You could play with autoconf hell of detecting getrandom() and compiling for it if needed, but I couldn't imagine it to be worth the effort at the moment if you're going to be maintaining a branch of fallback code anyway.

Why didn't we get /dev/getrandom?

One point of a direct syscall is that you don't have to open any files. That protects you from file descriptor exhaustion attacks.

Another point is that it still works if you're inside a chroot / jail / container / with no devices visible.

In a way, that's the point of chroot/jail/container: isolate the host filesystem from the guest, so the script that creates it should take /dev into account if it is needed

The point is to isolate access to the host, and single secure random numbers have nothing to do with the host.

The root problem is that cryptography is not usable without some understanding. In the latest days we developed an addiction for "best practices" like "use bcrypt", "use /dev/random" or alike which in the field of cryptography are not enough: understanding is the only possible path. Actually, this is true for most things, it just shows up more obviously in the field of cryptography because of the security concerns. So we should replace "use bcrypt" with "Read Applied Cryptography & other books".

The average guy doesn't have the time to read enough about cryptography to have the sort of knowledge you're wanting. This very article debates an understanding created by incomplete and poor cryptographic knowledge.

If there's anything I've learned by studying cryptography, it's that the average person needs to invest significant resources to become a pseudo-expert in cryptography - all before they can make any meaningful decision.

Applied Cryptography is not a terribly good starting point for cryptographic understanding these days. That's just another facet of difficulty: where does one even start? Do you want a theoretical baseline understanding? Do you want the high-level, quick-and-dirty overview which only gives a summary? (That'll make it hard to make real, informed decisions...)

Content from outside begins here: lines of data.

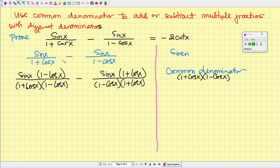I'm going to copy down the left side of our trig identity. Since these two fractions don't have a common denominator, our common denominator will be the product of both denominators, so it would be (1 + cos x) times (1 - cos x). For the first fraction, which has (1 + cos x), we multiply both numerator and denominator by (1 - cos x). For the second fraction, which has (1 - cos x), we multiply both numerator and denominator by (1 + cos x).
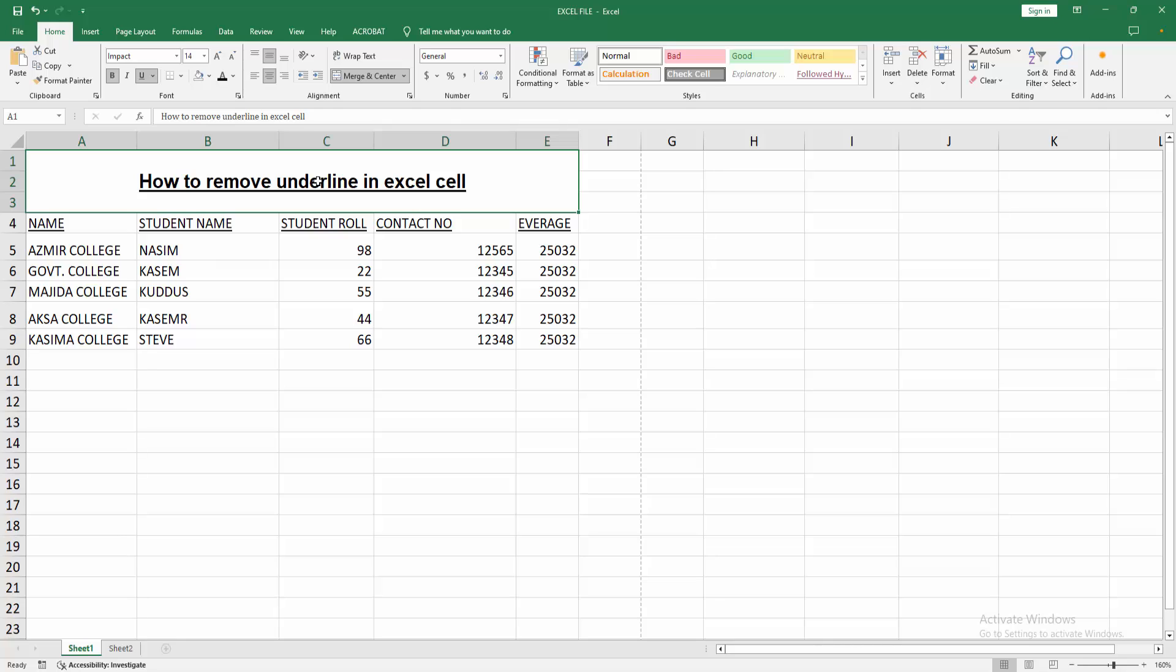Select the cell, then go to the Home menu, select underline option. We can see we remove the underline easily.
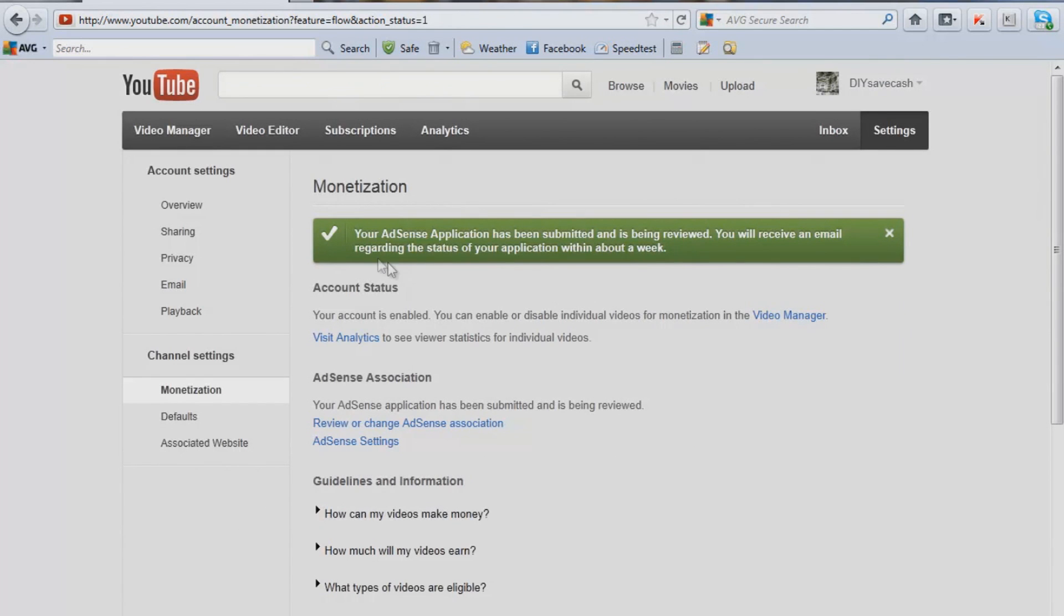And your AdSense application has been submitted and is being reviewed. You will receive an email regarding the status of your application in about a week. It should be shorter than that.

If we really want to make cryptography accessible to many developers, the best solution is for the cryptographic community to make our libraries and interfaces better. At the same time, there comes a point where a developer has to stop and say "this is beyond what is standardized in ${widely used library}; we need to hire a cryptographer." In that sense, we need to instill a better anti-crypto ethic.

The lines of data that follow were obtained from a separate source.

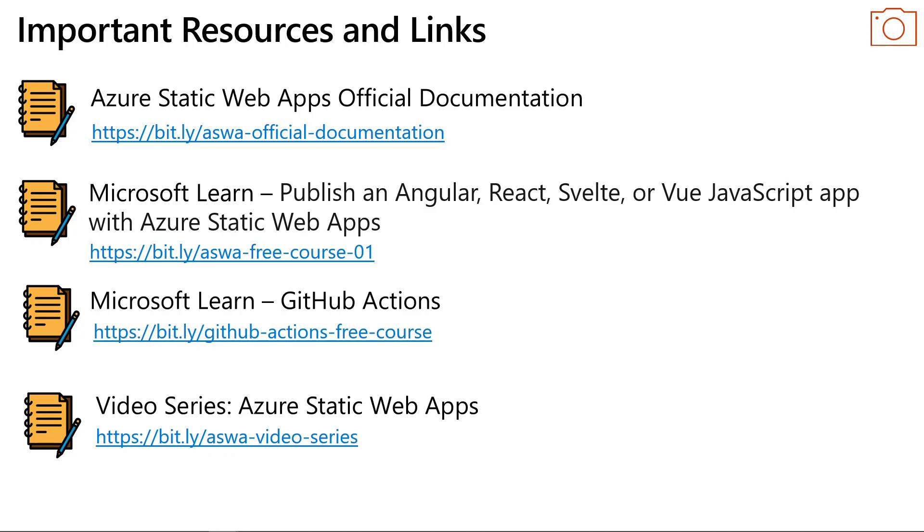The final link provides a video series about Azure Static Web Apps if you want to understand these Azure services more deeply.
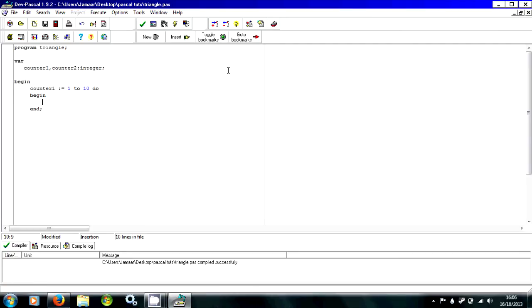It's always good to keep the begins and ends lined up, so you know when you finish each counter, I guess, when you write the form.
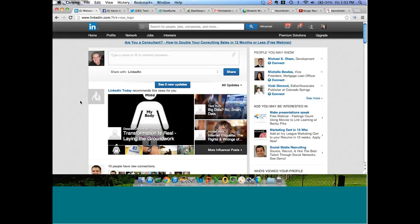Hi folks, this is Kevin Knievel in beautiful Monument, Colorado, and I'm delivering a brief webinar today on behalf of the Schweiky Media Business Booster Webinar Series on LinkedIn Groups. I'm going to talk about how to leverage LinkedIn Groups for lead generation, marketing, business development, branding, and all kinds of sales and client acquisition purposes.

Basically to become an expert cryptographer you need a math degree and ten years of experience, so this is out of question indeed. What I'm referring to is to get enough information in order to understand the big picture: what is a stream cipher, what a block cipher, a cryptographic hash function and its main properties, how many of those primitives are kinda equivalent sometimes and you can use one to create another, the tradeoff between speed and security (and how number of rounds effect the security of crypto building blocks), analyzing simple algorithms in order to really understand why it is so hard for you to create something secure, secure PRNG generation and weak PRNG generation (and how to break a congruential linear generator), algorithms like DH, RSA, basic knowledge on number theory, and so forth. This will not make you an expert, but will give you enough understanding in order to actually undetstand why a rule or a best practice is used and when it is safe or not to break it.

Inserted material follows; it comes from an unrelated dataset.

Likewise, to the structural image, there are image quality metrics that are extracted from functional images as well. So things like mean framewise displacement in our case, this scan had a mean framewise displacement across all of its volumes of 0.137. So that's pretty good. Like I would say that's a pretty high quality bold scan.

About starting point, this is incredibly sad but true: there is no Applied Cryptography of 2015. The book is at this point in some way outdated and no replacement exists, however what you can do is to read it, and then to read the documents that there are around to get updated information. Also there are now the online courses on cryptography that really help. This may look like an overkill, but at this point crypto is everywhere and is the foundation of most things secure, so it is a requirement of everybody involved with computer security.

Well, this is the point of nacl (and successors). You don't need to know that it's using a stream cipher. You only need to know you want to send a secret, and this is the function that does that.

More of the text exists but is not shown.